Example 6 is the method of example(s) 1-5, wherein the set of workloads are virtual network function (VNF) workloads.

Example 7 is the method of example(s) 1-6, wherein each of the set of servers includes at least two of the compute nodes.

Example 8 is the method of example(s) 1-7, wherein the compute infrastructure is a cluster consisting of the set of servers.

Example 9 is a non-transitory computer-readable medium comprising instructions that, when executed by one or more processors, cause the one or more processors to perform operations for assigning a set of workloads to compute nodes in a compute infrastructure, the operations comprising: receiving, at a workload scheduler, the set of workloads to be run on the compute nodes, each workload of the set of workloads having a workload specification indicating requested resources to run the workload; generating, by a set of server agents running on a set of servers containing the compute nodes, server statuses indicating resource usages and availabilities at the compute nodes; sending the server statuses from the set of server agents to the workload scheduler; generating, by the workload scheduler, server assignments for the set of workloads based on the requested resources and the resource usages and availabilities; generating, by one or more of the set of server agents, compute node assignments for the set of workloads based on the requested resources and the resource usages and availabilities; and running the set of workloads on the compute nodes in accordance with the server assignments and the compute node assignments.

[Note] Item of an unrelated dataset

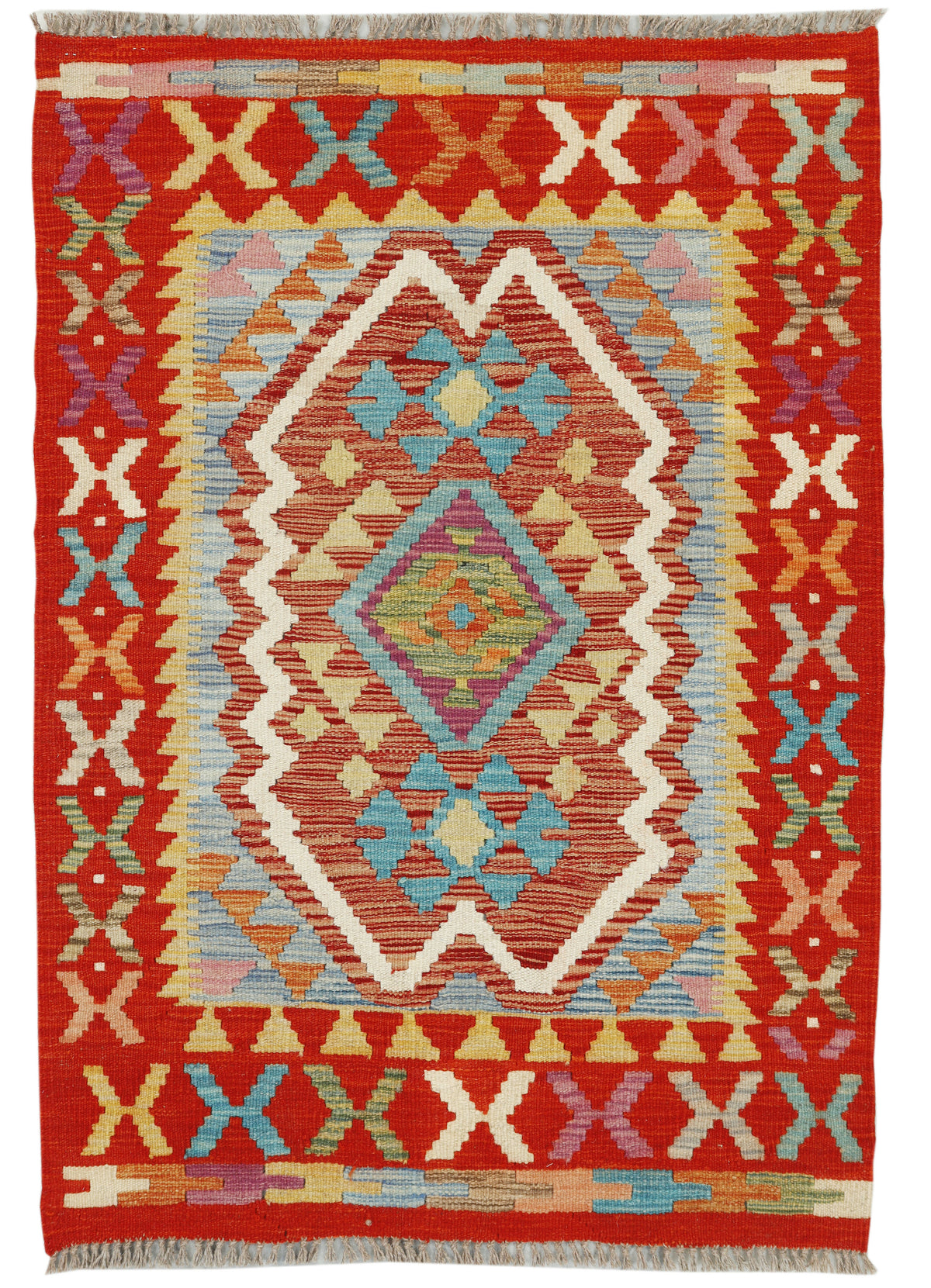 Afghan Kilim Rug (117 x 79cm)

Example 10 is the non-transitory computer-readable medium of example(s) 9, wherein the workload specification indicates at least one of: a processor request indicating a number of processors or cores requested for the workload; a memory request indicating an amount of memory requested for the workload; a network interface card (NIC) bandwidth request indicating an amount of NIC bandwidth requested for the workload; or a memory bandwidth memory request indicating an amount of memory bandwidth requested for the workload.

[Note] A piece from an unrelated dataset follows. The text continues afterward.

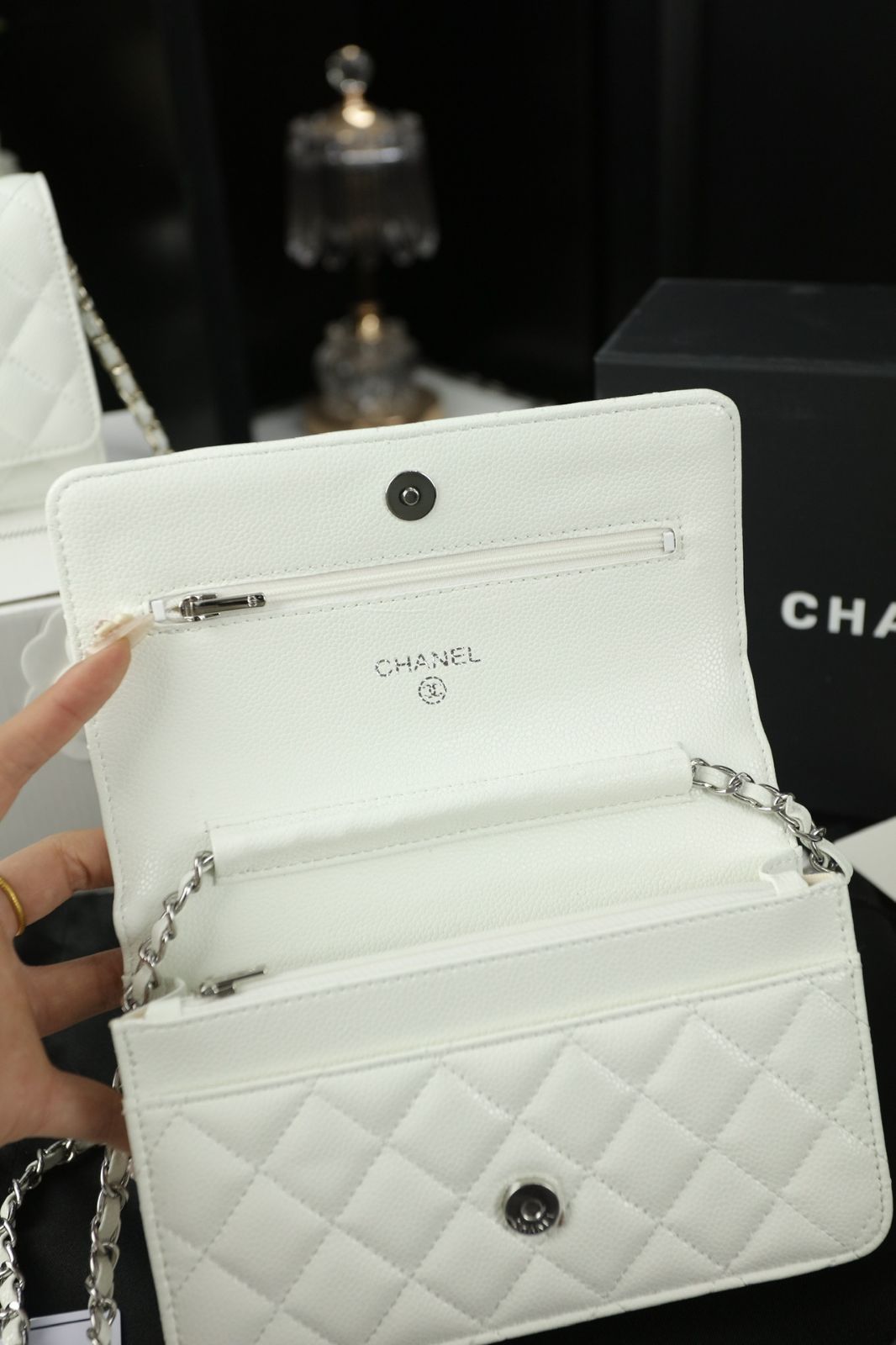 P 1275セットギフトボックス‼️ CHANELシャネルWOC金持ちバッグ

Example 11 is the non-transitory computer-readable medium of example(s) 9-10, wherein each of the server statuses indicates at least one of: a processor availability at a compute node of a corresponding server; a memory availability at the compute node; a network interface card (NIC) bandwidth availability at the compute node; or a memory bandwidth availability at the compute node.

Example 12 is the non-transitory computer-readable medium of example(s) 9-11, wherein the workload specification indicates a grouping ID, wherein workloads having a same grouping ID are attempted to be assigned to a same compute node.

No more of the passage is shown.